Thursday, November 13, 2008

Obama can't save America. But maybe America can.

First: let me say this. I am not a complete cynic.

Stevie Wonder's "Signed, Sealed, Delivered, I'm Yours" was a beautiful song to begin with. When I hear it now, it brings to my mind, instantly, the sight of thousands on their feet, tears running down their cheeks and proud, exhilarated smiles on their faces, Americans surrounding a young mixed-race man from a "broken home" who made this country deliver on the Dream. He rose to what may have seemed an insurmountable challenge, he spoke words that inspired Ordinary People to believe they could take on the powers that be. And They Can.
Si Se Puede.
He ran a strong campaign. He showed my generation what it feels like to be inspired by a speechmaker. We haven't had much of that. He respects knowledge, he thinks critically, he has courage and a sense of history. He understands that being a patriot runs deeper than flag pins.
But he can't save us; neither can hope.
"Hope keeps us chained to the system, the conglomerate of people and ideas and ideals that is causing the destruction of the Earth... When you give up on hope, you turn away from fear. And when you quit relying on hope, and instead begin to protect the people, things, and places you love, you become very dangerous indeed to those in power."
-Derrick Jensen

It has been a week since America voted Barack Obama in as the next President of our United States. We watched the results come in with friends last tuesday night, eating vegan "Americana" potluck [Black Bean Burgers, Fried "Chicken" (cauliflower), cornbread and tater tots and chipoltle aioli... recipes to follow later]. For months, Ryan has predicted Obama would win in a landslide, even when the pundits and the nervous progressives got caught up in the electioneering. I often thought he was right, but put little faith in my country's electoral system, which the past eight years (not to mention past three hundred) have revealed as something of a sham, blatantly rigged for the preservation of elite rule. A few weeks before the election, I watched an interview with Noam Chomsky. He agreed with George Will (something that I doubt happens too often) that American electoral politics is more about choosing which elite we want to rule us, than whether or not the elites shall rule.

If you live in a swing state, Chomsky said, vote Obama, but without illusions.
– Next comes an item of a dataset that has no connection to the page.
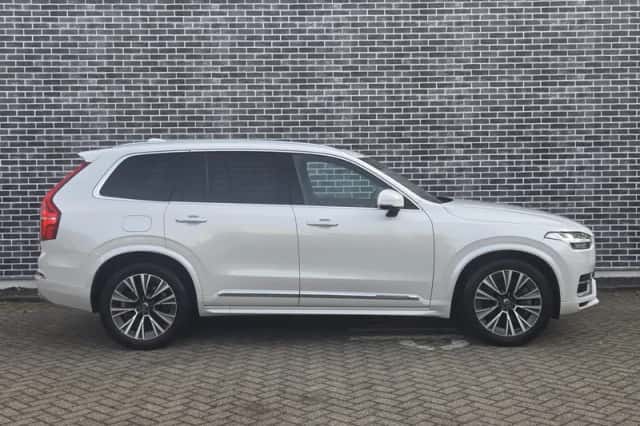Volvo XC90 (2022) thumbnail 17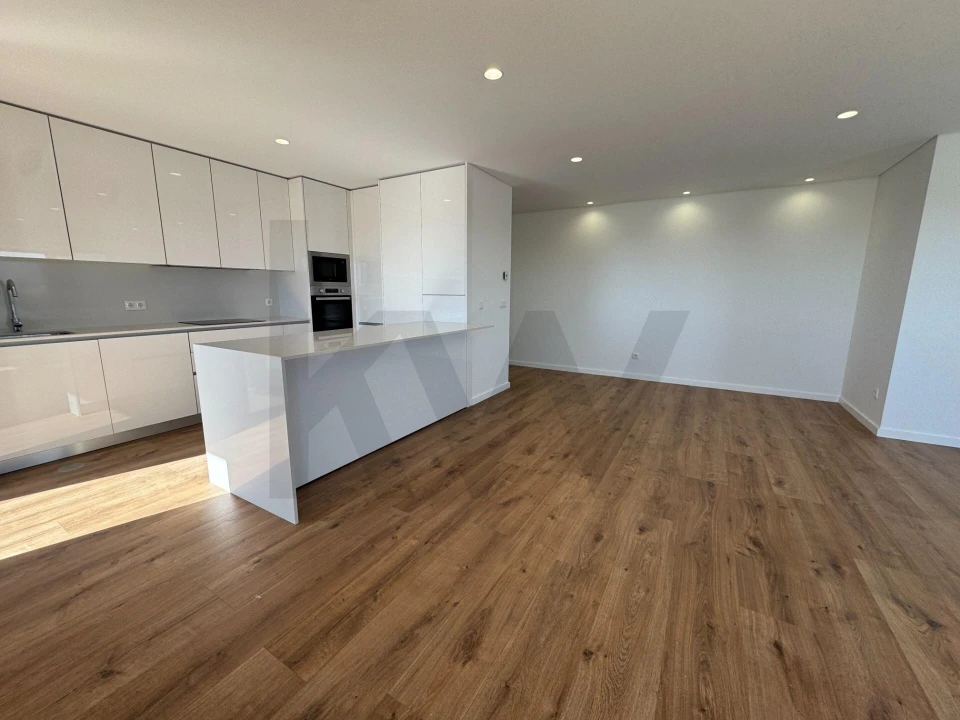 Apartamento T3 para Arrendamento em Viseu Foto 9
Even though pollsters claimed Washington wasn't considered a swing state, pollsters were also suggesting conservative sleazebag Dino Rossi might actually triumph in the gubernatorial race. Staring at my absentee ballot, I thought about fear, idealism, and the American way. Who do I really want running my country right now? Cynthia McKinney and Rosa Clemente. Some might say my vote for Obama was a vote cast in fear. I believe it was a vote cast without illusions.
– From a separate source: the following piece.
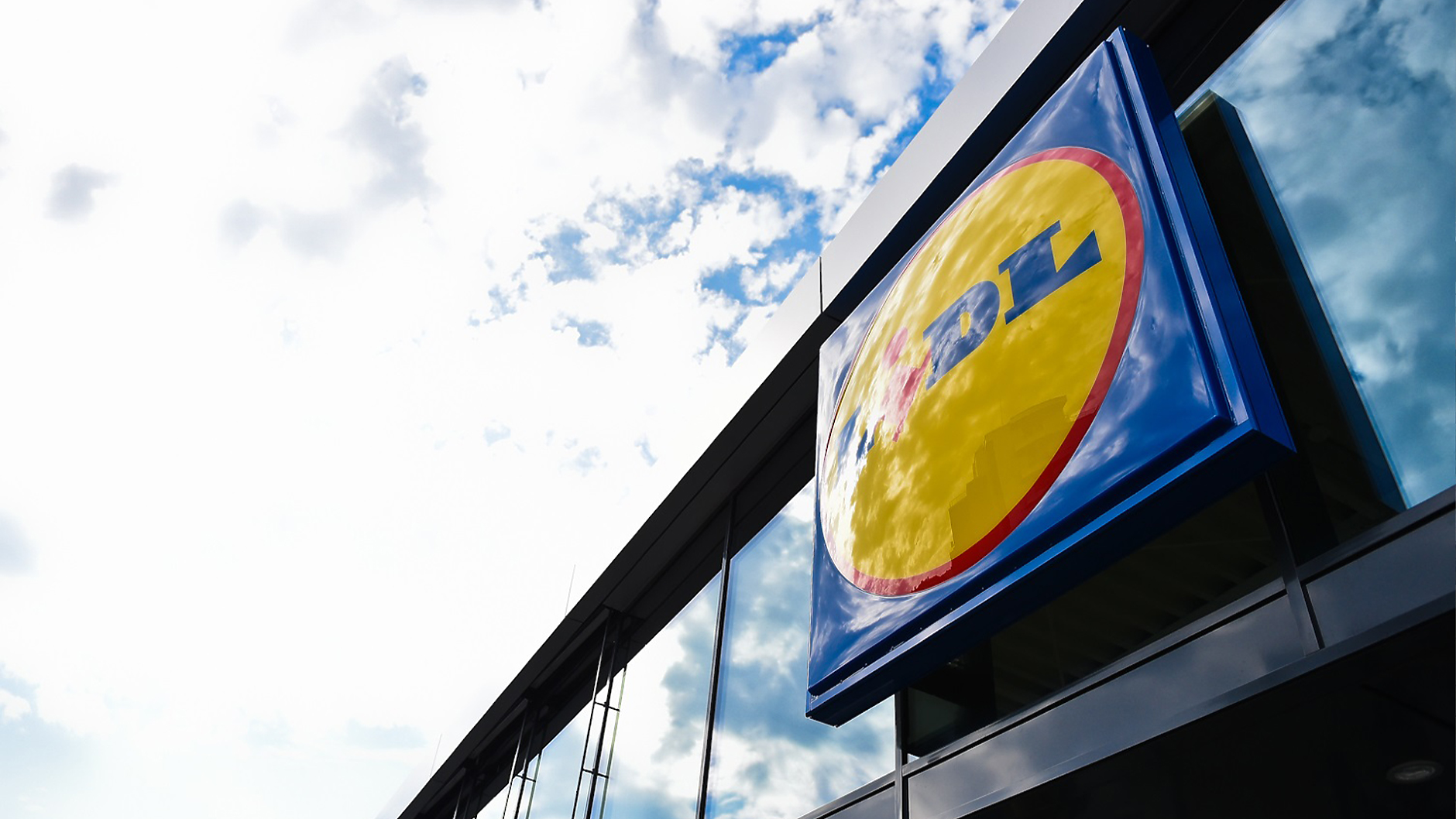 Lidl отваря първия си аутлет за нехранителни стоки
I shed a few tears as Obama gave his acceptance speech. I was relieved, and moved.
I honor the significance of the United State of America choosing a former community organizer, a young man, a dark-skinned man, to lead us. I believe he's a man of integrity and vision. And, while I respect Derrick Jensen's take on hope, I haven't given up on that sticky emotion yet. I am hopeful.
But I woke up the morning after the election feeling hollow, and weirdly, not proud. It made me uncomfortable, and I have been trying to sort out this feeling ever since. The election of Barack Obama is a milestone, yes. But it is only one kind of Change. And it is late in coming. And just because it has come does not absolve us for our collective sin. My America has shed the blood of hundreds of thousands since I turned 21. My America has spit on habeus corpus, tortured, lied, profited, desecrated holy books, cast our own people into the streets, starving and bereft of basic health care. My America has made its daughters in South Dakota criminals for demanding the right to control their own bodies. My America has deported legal citizens without so much as a by your leave. There is so much we must make right---and so many things we can never atone for.
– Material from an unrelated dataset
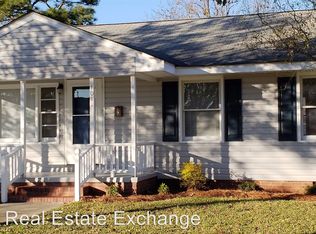 1011 E 10th St, Lumberton, NC 28358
The change we think we've created by electing Barack Obama is the kind of change this country should have demanded in November of 2000, when it was clear that George W. Bush had not actually won the presidency legitimately. It is the kind of change we should have demanded in November of 2001, when it was clear that George W. Bush's administration was bent on exploiting the September 11 carnage to precipitate war-for-profit. It is the kind of change we should have demanded in November of 2002. And 2003.

And then we "re-elected" him.

it took us SEVEN years to rescind the Bush doctrine?
I woke up the day after the election feeling embarrassed.

I love my country. I love its stories, I love its landscapes, I love some of its ideals, I love so many of its people. We have potential! But we also have genocide, slavery, internment, the dubious legacy of being the only nation to use the atomic bomb against another country. We shut out Jews trying to flee the repression that would become the Holocaust. We have Vietnam, Iran-Contra, inaction during the Rwandan genocide. But that's the past, people say. Get over it. We freed the slaves, didn't we?
The past isn't just some mythic territory, some two-dimensional timeline people'd by the Who's who. Its the sum total of who we have become. America's promise is just that: a promise. We have to hold ourselves accountable. We were never "the Greatest Country on Earth," and electing Obama won't restore us to that mythical condition. The only way forward, the only sustainable way, now, is True Change. Which means something different to everyone. Won't be easy, but it won't happen if all we do is complain and talk about H-O-P-E.

A few nights ago, Ryan and I walked with Assata through our quiet neighborhood. The air was warm with the promise of rain, and the lights across the Salish Sea [Puget Sound] reflected on still water. We passed a dozen Obama signs still displayed in the dark yards, plastered with wet maple leaves. I wondered what the owners of those signs thought about leaving them out. Are they victory decorations now? Seattle Lawn Hope Art? A few days ago, one of the Seattle papers noted that flag sales were skyrocketing, that people who'd never before displayed the stars and stripes were doing so now. It makes me uncomfortable. Those colors still fly over Guantanamo Bay. Just because Obama promised us change doesn't mean we get it.
A few months ago, Naomi Klein noted: "The campaign's most radical demand is the idea of electing Obama himself. It is Obama--and not his plans for the presidency--that is the ultimate expression of the "movement." If the process ends there, the Obama campaign will become more like the "lifestyle" brands-- the Nikes and Starbucks that captured the transcendent quality of past liberation movements, and our desire for meaning in our lives, to build their own brands."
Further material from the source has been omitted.